The **ensemble methods** in machine learning combine the insights obtained from multiple learning models to facilitate accurate and improved decisions. These methods follow the same principle.

In learning models, noise, variance, and bias are the major sources of error. The ensemble methods in machine learning help minimize these error-causing factors, thereby ensuring the accuracy and stability of machine learning (ML) algorithms.

## Basic Techniques

1. **Max Voting**

  In Max Voting, multiple models make predictions, and the final prediction is determined by the majority vote.

  **Example:** Suppose you have three models A, B, and C. If models A and B predict class 1, and model C predicts class 0, the Max Voting ensemble would choose class 1 as the final prediction.

2. **Averaging**

  Averaging involves aggregating predictions by taking the average of individual model predictions.

  **Example:** If models A, B, and C predict values of 0.8, 0.7, and 0.9, respectively, the averaged prediction would be
  
  $
  \frac{0.8 + 0.7 + 0.9}{3}
  = 0.8
  $

3. **Weighted Average**

  Similar to averaging, but each model's prediction is weighted differently.

  **Example:** If models A, B, and C have weights 0.3, 0.4, and 0.3, respectively, the weighted average would be

  $
  0.3 * pred_A + 0.4 * pred_B + 0.3 * pred_C
  $

4. **Rank Average**

  In Rank Average, predictions are ranked, and the final prediction is determined by the average rank.
  
  **Example:** If models A, B, and C rank an item 2nd, 1st, and 3rd, respectively, the average rank would be
  
   $
   \frac{2 +1 +3}{3}
  = 2
  $

## Advance Techniques

1. **Stacking**

  Stacking is a widely used ensemble machine learning technique designed to enhance model performance by combining the predictions of multiple base models to create a new model. This approach involves training several models to address similar problems and leveraging their collective output to construct a more effective model.

**Key Components of Stacking:**

1. **Input and Output:**
   - The algorithm takes the outputs of sub-models (base models) as input and endeavors to learn how to optimally combine these input predictions to generate an improved output prediction.

2. **Model Composition:**
   - Stacking, also known as stacked generalization, extends the Model Averaging Ensemble technique. It involves multiple sub-models, each contributing to the new model according to their performance weights. The new model is stacked on top of the others, which gives stacking its name.

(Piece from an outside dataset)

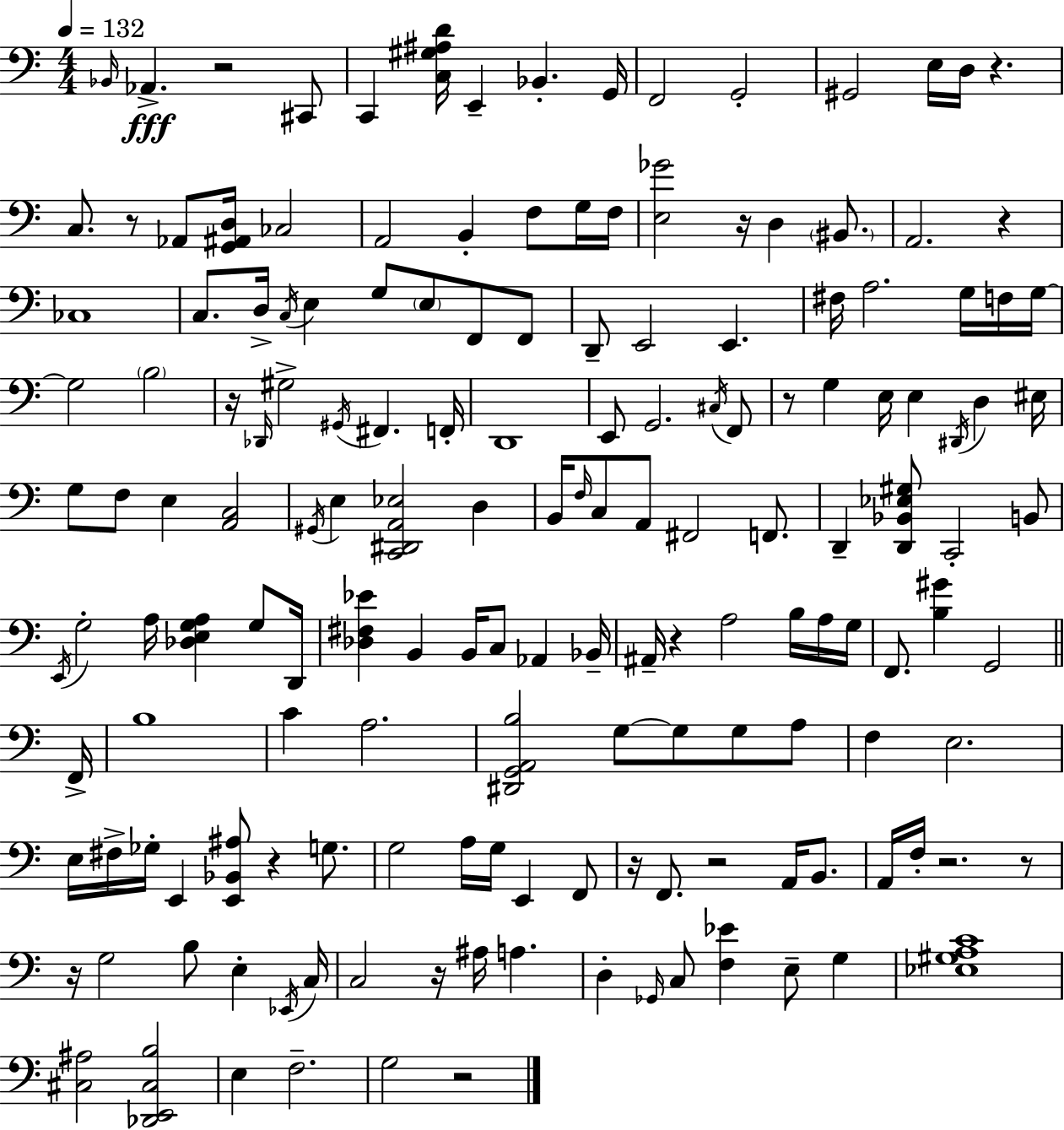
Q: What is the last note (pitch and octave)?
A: G3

   ![Stacking Architecture](https://editor.analyticsvidhya.com/uploads/39725Stacking.png)

**Architecture of a Stacking Model:**

The architecture of a stacking model comprises:

1. **Level-0 Models (Base-Models):**
   - These are models fitted on the training data, and their predictions are compiled.

2. **Level-1 Model (Meta-Model):**
   - The meta-model learns how to optimally combine the predictions of the base models to produce an enhanced final prediction.

**Training Process:**

- The meta-model is trained on predictions made by the base models on out-of-sample data.
- Out-of-sample data, not used to train the base models, is fed to the base models for prediction.
- The resulting predictions, along with the expected outputs, form the input and output pairs for training the meta-model.

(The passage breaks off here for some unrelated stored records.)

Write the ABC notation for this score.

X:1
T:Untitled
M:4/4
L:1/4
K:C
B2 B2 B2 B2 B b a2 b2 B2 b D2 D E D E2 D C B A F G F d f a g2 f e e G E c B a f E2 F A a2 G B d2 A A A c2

**Preparing Training Dataset for Meta-Model:**

- Commonly, k-fold cross-validation of the base models is employed to create the training dataset for the meta-model.
- Out-of-fold predictions serve as the basis for the meta-model's training dataset.

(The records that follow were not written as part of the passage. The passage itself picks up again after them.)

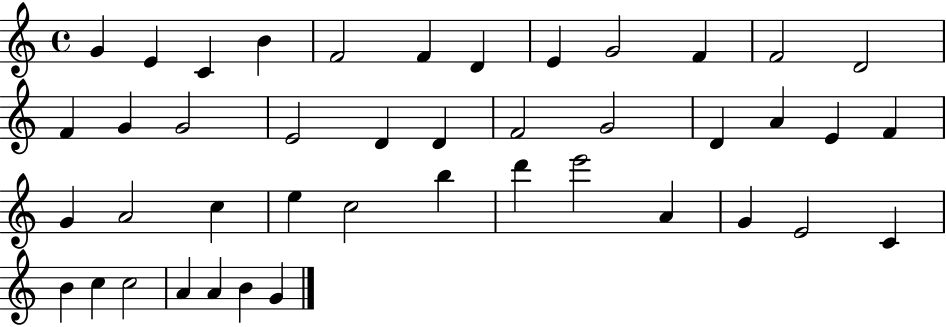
{
  \clef treble
  \time 4/4
  \defaultTimeSignature
  \key c \major
  g'4 e'4 c'4 b'4 | f'2 f'4 d'4 | e'4 g'2 f'4 | f'2 d'2 | \break f'4 g'4 g'2 | e'2 d'4 d'4 | f'2 g'2 | d'4 a'4 e'4 f'4 | \break g'4 a'2 c''4 | e''4 c''2 b''4 | d'''4 e'''2 a'4 | g'4 e'2 c'4 | \break b'4 c''4 c''2 | a'4 a'4 b'4 g'4 | \bar "|."
}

**Data Input to Meta-Model:**

- The inputs to the base models (e.g., elements of the training data) may be included in the training data for the meta-model.
- This provides additional context to the meta-model on how to effectively combine predictions from the base models.

**Training Process:**

- Once the training dataset is prepared, the meta-model is trained independently on this dataset.
- The base models are trained on the entire original training dataset.

**Note:** The output from base models used as input to the meta-model may vary, such as real values for regression or probability values/class labels for classification. This flexibility makes stacking suitable for various problem types.


  



3. **Bootstrap Sampling**

4. **Bagging**

5. **Boosting**

In [None]:
from sklearn.ensemble import StackingClassifier
from sklearn.linear_model import LogisticRegression
from sklearn.ensemble import RandomForestClassifier, GradientBoostingClassifier
from sklearn.svm import SVC
from sklearn.datasets import load_iris
from sklearn.model_selection import train_test_split
from sklearn.metrics import accuracy_score

# Load the Iris dataset
iris = load_iris()
X, y = iris.data, iris.target

# Split the data into training and testing sets
X_train, X_test, y_train, y_test = train_test_split(X, y, test_size=0.2, random_state=42)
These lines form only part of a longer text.